(Items listed in a dataset)
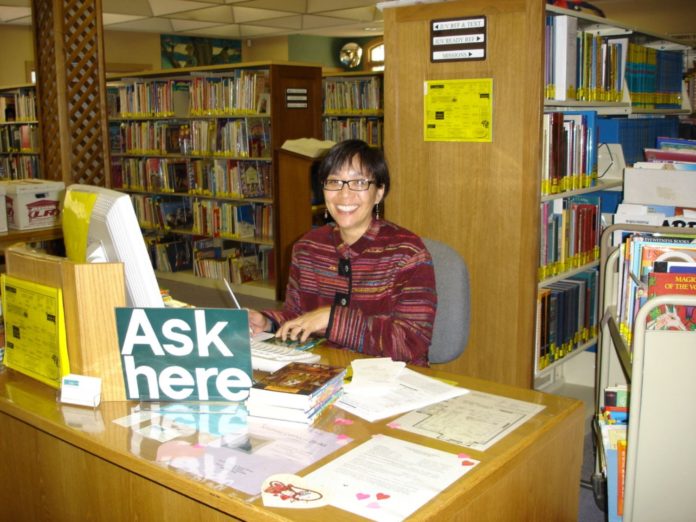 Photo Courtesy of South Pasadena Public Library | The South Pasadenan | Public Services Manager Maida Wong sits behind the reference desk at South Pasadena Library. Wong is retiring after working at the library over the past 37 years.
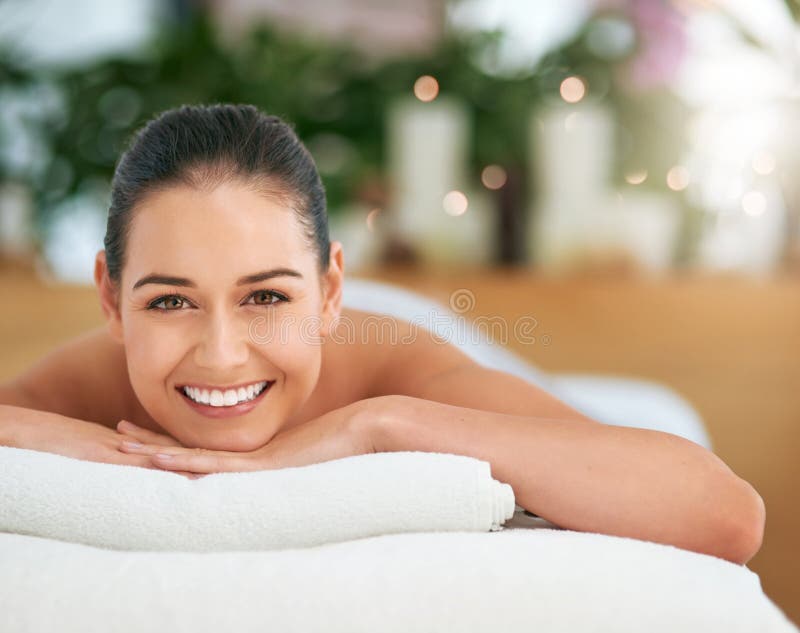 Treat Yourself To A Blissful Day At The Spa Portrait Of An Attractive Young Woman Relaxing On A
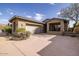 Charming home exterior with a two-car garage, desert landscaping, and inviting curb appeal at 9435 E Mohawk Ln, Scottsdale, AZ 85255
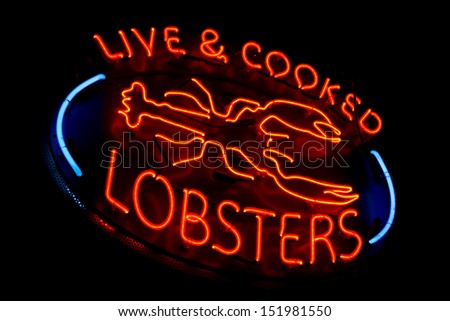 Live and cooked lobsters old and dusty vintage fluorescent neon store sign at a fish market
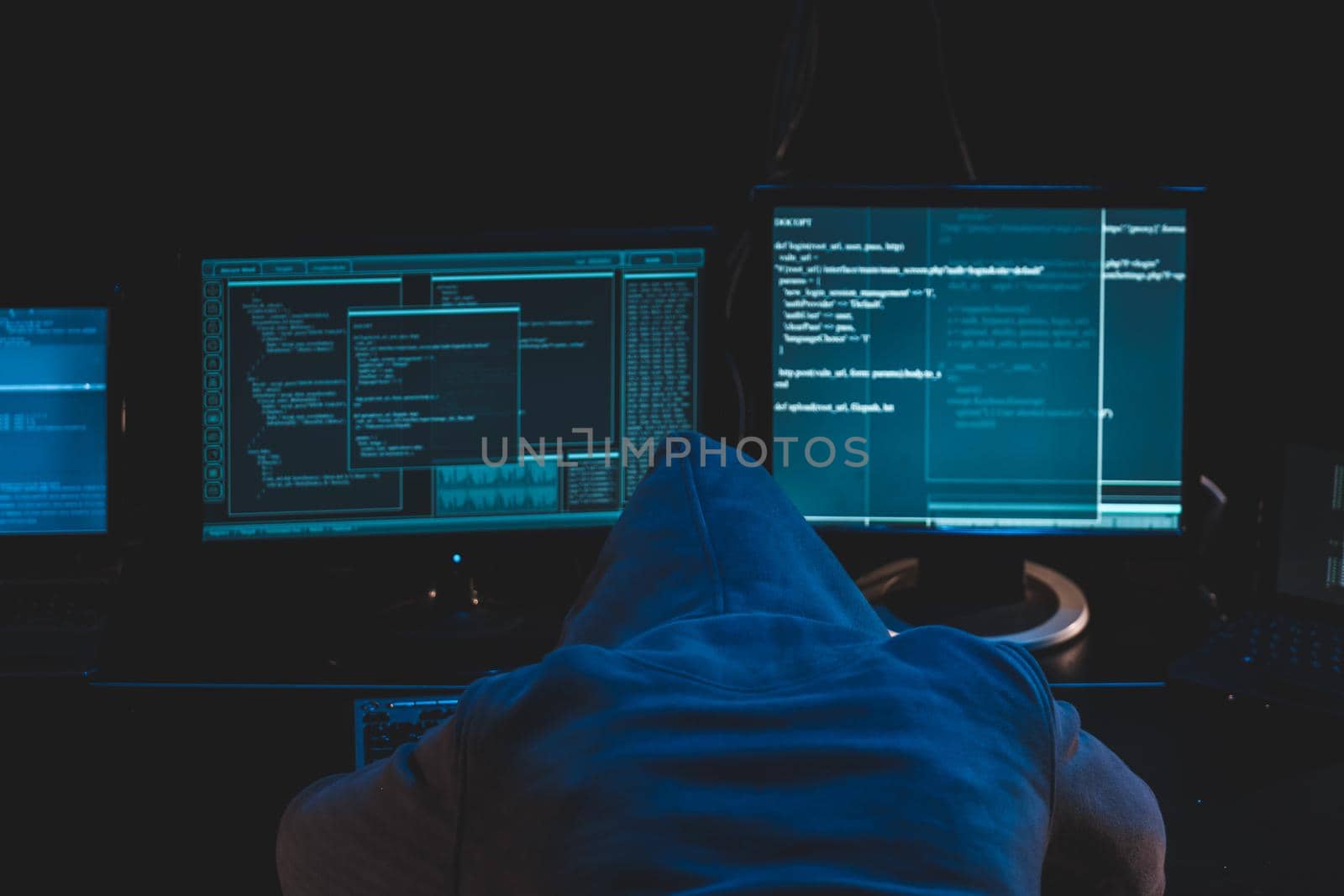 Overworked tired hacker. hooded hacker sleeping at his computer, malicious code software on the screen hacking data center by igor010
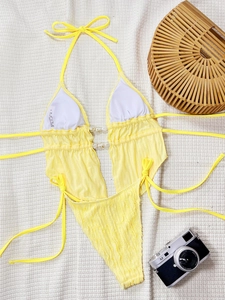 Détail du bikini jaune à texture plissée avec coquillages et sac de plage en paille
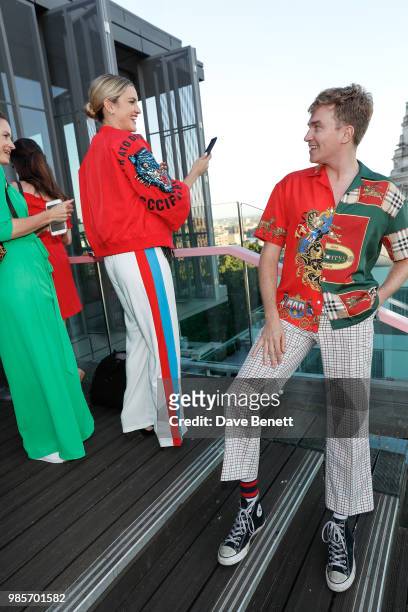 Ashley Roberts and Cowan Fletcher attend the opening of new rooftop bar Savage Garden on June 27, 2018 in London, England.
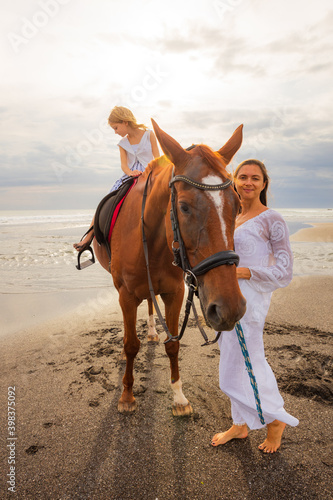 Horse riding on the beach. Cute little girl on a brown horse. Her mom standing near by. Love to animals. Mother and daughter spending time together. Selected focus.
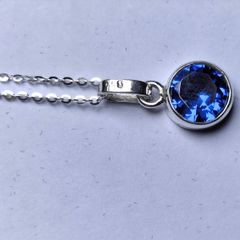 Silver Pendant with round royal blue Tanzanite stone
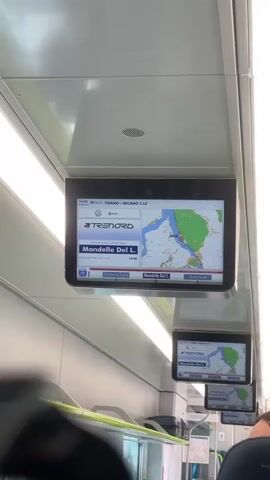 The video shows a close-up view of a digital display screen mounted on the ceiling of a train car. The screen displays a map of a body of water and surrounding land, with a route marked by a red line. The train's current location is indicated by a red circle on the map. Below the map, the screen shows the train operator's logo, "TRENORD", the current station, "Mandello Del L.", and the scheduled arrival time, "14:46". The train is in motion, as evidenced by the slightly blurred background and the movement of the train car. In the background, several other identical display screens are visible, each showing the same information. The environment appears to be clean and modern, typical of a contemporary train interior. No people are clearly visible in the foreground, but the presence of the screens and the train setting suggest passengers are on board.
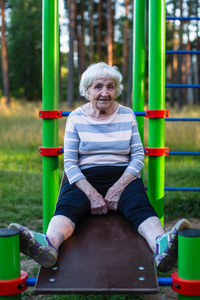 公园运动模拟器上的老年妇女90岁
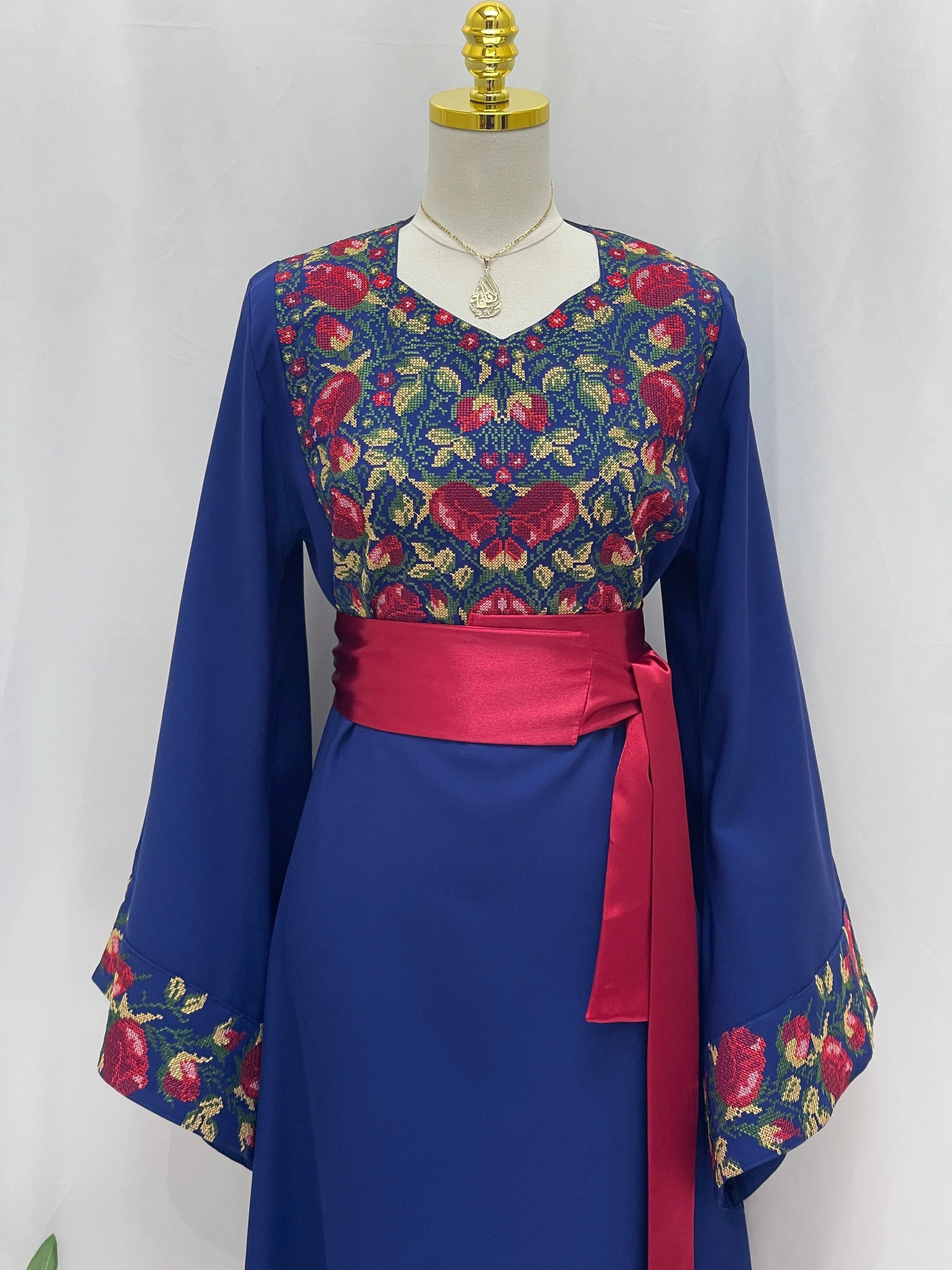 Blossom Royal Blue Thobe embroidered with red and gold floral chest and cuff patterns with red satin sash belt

--- TASK PROMPT ---
Give back exactly the lines above from the one with "Treat Yourself To" through the one with "Live and cooked", both included. Pictures don't belong in the copy.

--- WRITTEN SOLUTION ---
 Treat Yourself To A Blissful Day At The Spa Portrait Of An Attractive Young Woman Relaxing On A
 Charming home exterior with a two-car garage, desert landscaping, and inviting curb appeal at 9435 E Mohawk Ln, Scottsdale, AZ 85255
 Live and cooked lobsters old and dusty vintage fluorescent neon store sign at a fish market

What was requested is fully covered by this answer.